Copy Markdown View Source

Behaviour for evaluation graders.

Graders score agent output and trajectory. They can be implemented as modules using this behaviour, or as simple 2-arity functions.

Grader Result

Graders return one of:

  • :pass - The evaluation passed
  • {:fail, reason} - The evaluation failed with a reason string

Using Functions

The simplest way to create a grader is with a function:

grader = fn output, trajectory ->
  if String.contains?(output, "john@example.com") do
    :pass
  else
    {:fail, "Expected email not found"}
  end
end

grader.(output, trajectory)

Using Modules

For reusable graders, implement this behaviour:

defmodule MyApp.Graders.ContainsEmail do
  @behaviour Puck.Eval.Grader

  @impl true
  def grade(output, _trajectory) do
    if output =~ ~r/[\w.]+@[\w.]+/ do
      :pass
    else
      {:fail, "No email address found in output"}
    end
  end
end

Applying Graders

Use Puck.Eval.Grader.run/3 to run either type of grader:

Grader.run(grader_fn, output, trajectory)
Grader.run(MyApp.Graders.ContainsEmail, output, trajectory)

Summary

Callbacks

Grades the output and trajectory of an agent execution.

Functions

Returns true if the grader result indicates a pass.
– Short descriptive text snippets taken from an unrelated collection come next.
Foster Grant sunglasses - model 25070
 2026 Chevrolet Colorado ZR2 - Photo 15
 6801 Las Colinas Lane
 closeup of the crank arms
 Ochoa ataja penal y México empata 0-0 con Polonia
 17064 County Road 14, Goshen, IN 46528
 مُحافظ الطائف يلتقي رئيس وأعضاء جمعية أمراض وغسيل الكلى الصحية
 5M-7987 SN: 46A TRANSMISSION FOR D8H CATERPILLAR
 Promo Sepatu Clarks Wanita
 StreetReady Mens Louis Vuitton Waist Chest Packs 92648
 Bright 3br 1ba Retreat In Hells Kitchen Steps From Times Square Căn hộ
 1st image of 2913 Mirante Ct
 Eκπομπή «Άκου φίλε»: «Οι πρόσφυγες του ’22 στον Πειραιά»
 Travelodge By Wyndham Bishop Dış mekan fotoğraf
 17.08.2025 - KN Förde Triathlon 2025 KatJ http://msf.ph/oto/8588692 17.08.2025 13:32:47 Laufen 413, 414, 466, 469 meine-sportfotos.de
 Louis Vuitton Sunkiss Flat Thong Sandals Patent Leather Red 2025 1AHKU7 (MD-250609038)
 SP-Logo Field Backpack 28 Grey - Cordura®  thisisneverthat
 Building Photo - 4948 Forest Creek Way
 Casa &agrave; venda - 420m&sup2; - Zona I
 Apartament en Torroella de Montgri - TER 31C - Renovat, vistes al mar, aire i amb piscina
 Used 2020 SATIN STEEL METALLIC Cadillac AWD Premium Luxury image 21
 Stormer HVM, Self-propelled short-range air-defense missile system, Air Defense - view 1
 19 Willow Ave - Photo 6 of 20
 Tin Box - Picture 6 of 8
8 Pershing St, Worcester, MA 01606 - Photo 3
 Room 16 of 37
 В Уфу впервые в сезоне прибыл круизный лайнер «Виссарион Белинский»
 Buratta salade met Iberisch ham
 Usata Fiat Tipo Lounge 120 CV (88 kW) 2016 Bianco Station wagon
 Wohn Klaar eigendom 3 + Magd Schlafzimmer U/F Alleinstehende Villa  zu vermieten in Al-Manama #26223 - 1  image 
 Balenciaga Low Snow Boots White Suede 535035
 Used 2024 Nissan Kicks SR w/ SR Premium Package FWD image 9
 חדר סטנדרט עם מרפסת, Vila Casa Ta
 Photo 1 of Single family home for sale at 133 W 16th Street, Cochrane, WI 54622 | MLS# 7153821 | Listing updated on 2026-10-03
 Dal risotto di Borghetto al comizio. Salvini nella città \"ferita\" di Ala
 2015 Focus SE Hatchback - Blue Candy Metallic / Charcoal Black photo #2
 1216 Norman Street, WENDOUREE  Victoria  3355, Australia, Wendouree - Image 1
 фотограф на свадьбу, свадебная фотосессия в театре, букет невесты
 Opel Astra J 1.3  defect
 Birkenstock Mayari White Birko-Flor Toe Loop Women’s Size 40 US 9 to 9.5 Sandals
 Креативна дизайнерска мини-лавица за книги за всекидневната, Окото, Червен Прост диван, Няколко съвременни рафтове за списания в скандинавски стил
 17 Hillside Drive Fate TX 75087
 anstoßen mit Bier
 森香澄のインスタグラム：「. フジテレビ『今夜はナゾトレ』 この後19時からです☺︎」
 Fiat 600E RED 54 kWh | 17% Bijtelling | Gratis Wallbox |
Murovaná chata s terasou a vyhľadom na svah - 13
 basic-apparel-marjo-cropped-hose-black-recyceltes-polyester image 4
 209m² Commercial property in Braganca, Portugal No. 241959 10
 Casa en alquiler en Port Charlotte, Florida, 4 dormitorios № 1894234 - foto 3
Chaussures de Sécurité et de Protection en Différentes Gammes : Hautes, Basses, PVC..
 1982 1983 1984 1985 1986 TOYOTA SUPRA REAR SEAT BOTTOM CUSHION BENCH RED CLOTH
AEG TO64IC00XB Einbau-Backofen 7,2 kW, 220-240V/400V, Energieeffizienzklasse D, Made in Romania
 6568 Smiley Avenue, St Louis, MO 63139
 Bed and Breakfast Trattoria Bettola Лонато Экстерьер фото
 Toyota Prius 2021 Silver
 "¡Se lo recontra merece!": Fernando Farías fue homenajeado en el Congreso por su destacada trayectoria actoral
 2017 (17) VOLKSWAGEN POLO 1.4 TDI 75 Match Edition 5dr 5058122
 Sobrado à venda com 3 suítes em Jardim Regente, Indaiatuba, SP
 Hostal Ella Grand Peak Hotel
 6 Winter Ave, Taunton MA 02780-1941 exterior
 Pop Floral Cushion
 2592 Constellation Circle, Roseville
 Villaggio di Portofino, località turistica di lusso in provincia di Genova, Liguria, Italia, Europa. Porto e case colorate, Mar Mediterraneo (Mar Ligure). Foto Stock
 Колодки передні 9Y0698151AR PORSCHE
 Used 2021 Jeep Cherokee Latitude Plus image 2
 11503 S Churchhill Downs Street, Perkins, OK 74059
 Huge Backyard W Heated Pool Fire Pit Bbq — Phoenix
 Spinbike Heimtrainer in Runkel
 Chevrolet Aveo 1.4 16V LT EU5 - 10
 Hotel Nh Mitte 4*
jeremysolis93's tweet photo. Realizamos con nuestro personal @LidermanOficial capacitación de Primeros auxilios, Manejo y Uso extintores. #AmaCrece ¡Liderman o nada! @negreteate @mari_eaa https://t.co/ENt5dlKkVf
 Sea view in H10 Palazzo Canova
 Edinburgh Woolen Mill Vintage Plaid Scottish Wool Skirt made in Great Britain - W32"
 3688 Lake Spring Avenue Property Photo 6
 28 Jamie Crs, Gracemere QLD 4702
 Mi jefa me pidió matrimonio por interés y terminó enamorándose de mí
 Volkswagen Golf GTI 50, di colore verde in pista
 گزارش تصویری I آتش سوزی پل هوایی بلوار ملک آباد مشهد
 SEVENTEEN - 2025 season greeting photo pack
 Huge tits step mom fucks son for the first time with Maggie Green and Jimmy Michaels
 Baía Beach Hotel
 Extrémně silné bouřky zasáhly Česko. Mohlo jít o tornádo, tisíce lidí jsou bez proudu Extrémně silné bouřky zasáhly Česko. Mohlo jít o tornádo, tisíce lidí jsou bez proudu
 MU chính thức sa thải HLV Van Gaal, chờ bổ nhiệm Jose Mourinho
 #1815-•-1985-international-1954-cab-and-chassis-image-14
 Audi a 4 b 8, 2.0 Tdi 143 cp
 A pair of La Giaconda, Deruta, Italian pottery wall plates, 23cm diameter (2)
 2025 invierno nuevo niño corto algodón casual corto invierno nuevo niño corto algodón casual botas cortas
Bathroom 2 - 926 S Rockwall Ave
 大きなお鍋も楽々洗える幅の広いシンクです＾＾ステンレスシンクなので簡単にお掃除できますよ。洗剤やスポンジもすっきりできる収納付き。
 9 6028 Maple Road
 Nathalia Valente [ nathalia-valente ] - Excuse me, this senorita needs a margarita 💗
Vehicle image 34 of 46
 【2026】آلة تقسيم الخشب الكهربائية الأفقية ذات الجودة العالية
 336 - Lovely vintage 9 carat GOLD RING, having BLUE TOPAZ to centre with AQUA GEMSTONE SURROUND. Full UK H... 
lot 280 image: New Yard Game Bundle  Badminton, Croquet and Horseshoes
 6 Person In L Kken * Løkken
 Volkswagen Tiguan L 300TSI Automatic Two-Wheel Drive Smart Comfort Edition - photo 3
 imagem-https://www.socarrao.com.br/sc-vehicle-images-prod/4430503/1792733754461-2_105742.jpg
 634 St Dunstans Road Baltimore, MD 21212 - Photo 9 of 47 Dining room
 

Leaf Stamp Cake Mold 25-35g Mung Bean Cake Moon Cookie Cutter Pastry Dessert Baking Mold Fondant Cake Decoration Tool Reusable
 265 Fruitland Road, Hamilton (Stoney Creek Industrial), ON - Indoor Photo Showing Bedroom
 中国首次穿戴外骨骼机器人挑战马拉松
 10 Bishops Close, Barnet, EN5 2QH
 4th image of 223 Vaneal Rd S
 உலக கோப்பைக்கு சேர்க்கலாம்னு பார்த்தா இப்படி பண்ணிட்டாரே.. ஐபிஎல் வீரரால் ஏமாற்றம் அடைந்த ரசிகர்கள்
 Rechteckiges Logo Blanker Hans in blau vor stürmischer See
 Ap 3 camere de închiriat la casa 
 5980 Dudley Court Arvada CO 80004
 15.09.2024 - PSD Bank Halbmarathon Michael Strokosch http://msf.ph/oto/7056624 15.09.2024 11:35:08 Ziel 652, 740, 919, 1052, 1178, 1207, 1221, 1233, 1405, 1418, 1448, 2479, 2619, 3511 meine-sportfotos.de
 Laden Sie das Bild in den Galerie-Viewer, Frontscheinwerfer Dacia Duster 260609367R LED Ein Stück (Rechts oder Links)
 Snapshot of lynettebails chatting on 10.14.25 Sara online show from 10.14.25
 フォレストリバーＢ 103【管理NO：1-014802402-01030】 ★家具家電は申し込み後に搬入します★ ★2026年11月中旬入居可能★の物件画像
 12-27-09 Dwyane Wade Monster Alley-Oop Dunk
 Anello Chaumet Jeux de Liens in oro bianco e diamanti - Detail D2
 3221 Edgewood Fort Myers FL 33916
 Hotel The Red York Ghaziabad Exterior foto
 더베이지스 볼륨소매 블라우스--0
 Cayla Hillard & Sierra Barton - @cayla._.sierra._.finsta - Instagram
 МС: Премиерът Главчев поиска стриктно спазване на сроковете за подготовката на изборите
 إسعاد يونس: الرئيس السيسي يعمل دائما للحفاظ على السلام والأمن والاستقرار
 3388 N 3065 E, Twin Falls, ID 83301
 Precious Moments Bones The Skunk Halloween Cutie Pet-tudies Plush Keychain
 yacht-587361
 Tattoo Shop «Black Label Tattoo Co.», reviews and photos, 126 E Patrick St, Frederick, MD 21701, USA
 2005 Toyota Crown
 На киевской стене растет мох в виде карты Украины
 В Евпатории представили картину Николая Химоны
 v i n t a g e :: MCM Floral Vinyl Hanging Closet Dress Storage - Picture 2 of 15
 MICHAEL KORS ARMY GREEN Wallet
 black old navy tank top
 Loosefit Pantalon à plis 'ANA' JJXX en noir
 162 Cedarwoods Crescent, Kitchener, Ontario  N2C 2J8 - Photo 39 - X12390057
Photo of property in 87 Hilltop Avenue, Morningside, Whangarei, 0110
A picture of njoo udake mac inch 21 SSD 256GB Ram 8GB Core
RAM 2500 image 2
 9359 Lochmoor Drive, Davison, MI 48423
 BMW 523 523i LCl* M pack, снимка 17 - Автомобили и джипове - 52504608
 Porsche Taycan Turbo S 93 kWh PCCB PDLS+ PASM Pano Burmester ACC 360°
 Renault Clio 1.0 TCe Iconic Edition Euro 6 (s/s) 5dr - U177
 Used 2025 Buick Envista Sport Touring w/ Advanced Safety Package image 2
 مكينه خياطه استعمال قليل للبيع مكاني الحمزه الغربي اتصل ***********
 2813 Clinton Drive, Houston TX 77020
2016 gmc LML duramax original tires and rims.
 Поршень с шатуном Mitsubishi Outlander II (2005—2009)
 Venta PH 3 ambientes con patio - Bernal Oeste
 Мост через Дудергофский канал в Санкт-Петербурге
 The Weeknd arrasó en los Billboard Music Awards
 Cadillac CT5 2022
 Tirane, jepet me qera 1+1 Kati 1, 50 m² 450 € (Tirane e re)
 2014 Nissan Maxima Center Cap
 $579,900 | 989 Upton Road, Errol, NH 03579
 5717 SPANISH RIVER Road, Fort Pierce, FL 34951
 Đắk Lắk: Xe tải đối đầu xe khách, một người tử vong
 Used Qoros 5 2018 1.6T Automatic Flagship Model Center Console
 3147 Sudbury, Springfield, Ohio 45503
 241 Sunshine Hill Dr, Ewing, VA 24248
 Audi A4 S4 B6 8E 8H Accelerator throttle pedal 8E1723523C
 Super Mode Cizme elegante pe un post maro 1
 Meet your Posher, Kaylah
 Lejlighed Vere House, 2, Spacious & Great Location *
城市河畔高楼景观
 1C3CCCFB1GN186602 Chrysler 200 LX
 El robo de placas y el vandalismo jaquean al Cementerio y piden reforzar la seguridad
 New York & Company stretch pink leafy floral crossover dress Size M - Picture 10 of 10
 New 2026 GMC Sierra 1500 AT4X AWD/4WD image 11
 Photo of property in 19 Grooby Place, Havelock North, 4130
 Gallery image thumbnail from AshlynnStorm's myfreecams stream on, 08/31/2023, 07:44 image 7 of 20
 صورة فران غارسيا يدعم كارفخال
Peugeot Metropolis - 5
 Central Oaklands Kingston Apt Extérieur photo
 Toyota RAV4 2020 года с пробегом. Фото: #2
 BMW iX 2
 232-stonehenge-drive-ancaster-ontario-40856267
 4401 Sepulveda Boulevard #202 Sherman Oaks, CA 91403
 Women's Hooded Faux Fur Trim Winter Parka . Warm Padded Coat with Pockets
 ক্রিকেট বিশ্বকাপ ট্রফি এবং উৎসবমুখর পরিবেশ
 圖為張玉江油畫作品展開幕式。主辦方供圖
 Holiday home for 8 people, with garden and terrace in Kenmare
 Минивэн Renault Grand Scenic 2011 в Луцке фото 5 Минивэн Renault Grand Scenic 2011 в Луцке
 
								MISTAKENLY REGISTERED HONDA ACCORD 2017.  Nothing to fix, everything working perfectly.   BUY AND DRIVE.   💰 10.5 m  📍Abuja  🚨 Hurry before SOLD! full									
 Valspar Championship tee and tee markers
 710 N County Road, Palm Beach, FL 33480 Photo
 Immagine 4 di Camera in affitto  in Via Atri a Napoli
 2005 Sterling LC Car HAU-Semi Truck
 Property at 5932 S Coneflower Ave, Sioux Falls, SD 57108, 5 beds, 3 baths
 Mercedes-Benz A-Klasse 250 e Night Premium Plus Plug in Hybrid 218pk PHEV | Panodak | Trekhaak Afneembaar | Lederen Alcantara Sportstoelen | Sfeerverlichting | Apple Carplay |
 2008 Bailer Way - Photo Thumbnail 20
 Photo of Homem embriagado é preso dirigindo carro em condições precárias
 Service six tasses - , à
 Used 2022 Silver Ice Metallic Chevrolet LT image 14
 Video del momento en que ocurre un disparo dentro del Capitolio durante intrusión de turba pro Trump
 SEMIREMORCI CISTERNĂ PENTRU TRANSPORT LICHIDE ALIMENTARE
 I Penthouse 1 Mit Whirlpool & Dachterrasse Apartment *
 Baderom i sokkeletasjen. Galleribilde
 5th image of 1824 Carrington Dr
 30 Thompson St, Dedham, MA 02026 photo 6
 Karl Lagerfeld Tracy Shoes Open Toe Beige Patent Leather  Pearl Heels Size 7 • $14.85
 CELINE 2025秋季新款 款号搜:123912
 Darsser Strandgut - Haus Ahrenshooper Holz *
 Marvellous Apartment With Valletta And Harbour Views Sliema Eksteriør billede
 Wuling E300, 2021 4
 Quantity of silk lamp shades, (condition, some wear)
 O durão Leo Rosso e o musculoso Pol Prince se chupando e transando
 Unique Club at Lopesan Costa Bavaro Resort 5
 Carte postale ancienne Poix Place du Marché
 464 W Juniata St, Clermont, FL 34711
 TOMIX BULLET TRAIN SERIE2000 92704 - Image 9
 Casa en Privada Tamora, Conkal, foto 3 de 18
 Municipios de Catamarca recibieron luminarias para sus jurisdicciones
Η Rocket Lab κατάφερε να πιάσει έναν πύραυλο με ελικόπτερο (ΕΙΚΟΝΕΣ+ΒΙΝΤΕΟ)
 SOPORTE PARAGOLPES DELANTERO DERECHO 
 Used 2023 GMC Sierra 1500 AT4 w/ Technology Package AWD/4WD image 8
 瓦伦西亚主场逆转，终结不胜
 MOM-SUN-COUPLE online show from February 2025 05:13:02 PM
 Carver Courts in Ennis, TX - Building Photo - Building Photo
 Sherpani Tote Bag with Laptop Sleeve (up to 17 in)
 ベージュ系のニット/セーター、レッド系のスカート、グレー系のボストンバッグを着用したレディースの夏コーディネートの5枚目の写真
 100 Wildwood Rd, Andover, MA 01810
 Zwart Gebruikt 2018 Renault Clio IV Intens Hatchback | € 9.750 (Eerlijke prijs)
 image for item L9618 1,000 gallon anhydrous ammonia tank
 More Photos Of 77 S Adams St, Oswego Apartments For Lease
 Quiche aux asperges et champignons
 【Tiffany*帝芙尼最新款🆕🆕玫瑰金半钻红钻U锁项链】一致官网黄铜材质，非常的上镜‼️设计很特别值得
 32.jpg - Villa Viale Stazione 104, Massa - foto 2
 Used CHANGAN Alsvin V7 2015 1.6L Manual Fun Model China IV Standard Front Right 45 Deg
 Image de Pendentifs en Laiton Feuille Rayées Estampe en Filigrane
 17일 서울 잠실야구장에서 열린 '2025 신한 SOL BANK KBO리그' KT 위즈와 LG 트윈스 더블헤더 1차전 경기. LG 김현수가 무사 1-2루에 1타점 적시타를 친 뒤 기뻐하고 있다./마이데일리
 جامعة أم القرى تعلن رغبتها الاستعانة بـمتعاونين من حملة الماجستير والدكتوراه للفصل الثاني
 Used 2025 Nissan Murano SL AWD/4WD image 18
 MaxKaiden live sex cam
Runs a grader on an output and trajectory.

Runs multiple graders and returns all results.

Types

result()

@type result() :: :pass | {:fail, reason :: String.t()}

Callbacks

grade(output, trajectory)

@callback grade(output :: term(), trajectory :: Puck.Eval.Trajectory.t()) :: result()

Grades the output and trajectory of an agent execution.

Returns :pass if the evaluation succeeds, or {:fail, reason} if it fails.

Functions

passed?(arg1)

Returns true if the grader result indicates a pass.

Examples

Grader.passed?(:pass)
# => true

Grader.passed?({:fail, "reason"})
# => false

run(grader, output, trajectory)

Runs a grader on an output and trajectory.

Accepts either a grader function (2-arity) or a module implementing the Puck.Eval.Grader behaviour.

Examples

# With a function
grader = fn output, _traj -> if output == "hello", do: :pass, else: {:fail, "wrong"} end
Grader.run(grader, "hello", trajectory)
# => :pass

# With a module
Grader.run(MyGrader, output, trajectory)
# => :pass or {:fail, reason}

run_all(graders, output, trajectory)

Runs multiple graders and returns all results.

Returns a list of {grader, result} tuples.

Example

graders = [
  Graders.contains("hello"),
  Graders.max_steps(3)
]

results = Grader.run_all(graders, output, trajectory)
# => [{grader1, :pass}, {grader2, {:fail, "4 steps exceeds max of 3"}}]